Because Prada doesn’t just cast for recognition, it casts for resonance. Faces that mean something. Faces that bring their own story with them. Slightly offbeat, instantly iconic and just self-aware enough, it turned a runway cameo into a full cultural moment, the kind that gets clipped, shared and quietly embedded into the fashion timeline.
More recently, Prada’s latest womenswear show pushed its language of restraint even further. Layers were peeled away, quite literally, exposing garments in their most essential state. When Bella Hadid appeared, the look felt intentionally unresolved: raw edges, visible construction, a sense of something still in formation.
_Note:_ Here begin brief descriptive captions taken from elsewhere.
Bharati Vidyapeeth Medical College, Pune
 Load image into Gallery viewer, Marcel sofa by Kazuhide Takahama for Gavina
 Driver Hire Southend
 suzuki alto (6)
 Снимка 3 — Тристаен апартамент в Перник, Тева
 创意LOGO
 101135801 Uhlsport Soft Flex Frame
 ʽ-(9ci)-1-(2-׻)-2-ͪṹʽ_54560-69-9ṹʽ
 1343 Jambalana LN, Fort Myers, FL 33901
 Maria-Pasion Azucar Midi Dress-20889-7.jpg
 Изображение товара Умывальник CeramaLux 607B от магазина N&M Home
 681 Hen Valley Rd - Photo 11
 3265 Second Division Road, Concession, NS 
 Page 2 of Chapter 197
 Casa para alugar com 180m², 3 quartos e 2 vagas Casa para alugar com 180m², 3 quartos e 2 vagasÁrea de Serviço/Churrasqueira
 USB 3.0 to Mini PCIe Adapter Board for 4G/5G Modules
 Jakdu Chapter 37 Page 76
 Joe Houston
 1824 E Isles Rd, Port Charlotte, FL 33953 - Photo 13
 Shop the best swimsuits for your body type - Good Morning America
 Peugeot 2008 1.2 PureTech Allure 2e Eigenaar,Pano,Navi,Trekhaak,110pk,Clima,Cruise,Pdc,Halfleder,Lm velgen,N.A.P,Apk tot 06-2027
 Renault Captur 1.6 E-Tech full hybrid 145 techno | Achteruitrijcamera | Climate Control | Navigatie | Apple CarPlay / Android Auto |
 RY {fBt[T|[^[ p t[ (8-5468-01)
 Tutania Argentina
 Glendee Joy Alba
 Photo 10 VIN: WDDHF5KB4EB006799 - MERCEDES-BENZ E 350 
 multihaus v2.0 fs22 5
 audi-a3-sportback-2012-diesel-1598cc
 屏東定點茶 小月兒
It shifted the focus away from finish and towards idea. Towards the mechanics of dressing, rather than the illusion of perfection. In a fashion landscape that often prioritises impact over substance, Prada offered something quieter, but far more considered. A reminder that the thinking behind the clothes is just as important as the clothes themselves
What’s remarkable is not that Prada has changed over the decades. It’s that it has changed without ever losing its internal logic.
From royal leather trunks to nylon backpacks. From ‘90s “ugly chic” to flame-heeled femininity. From maximalist commentary to stripped-back archetypes.
The through-line is thought.
And maybe, just maybe, a slightly unnerving ability to predict exactly what the rest of fashion will want six months later.
Prada has never dressed women (or men) to be decorative. It dresses them to be considered.
And in an industry that often prioritises immediacy over meaning, that might be its most radical position of all.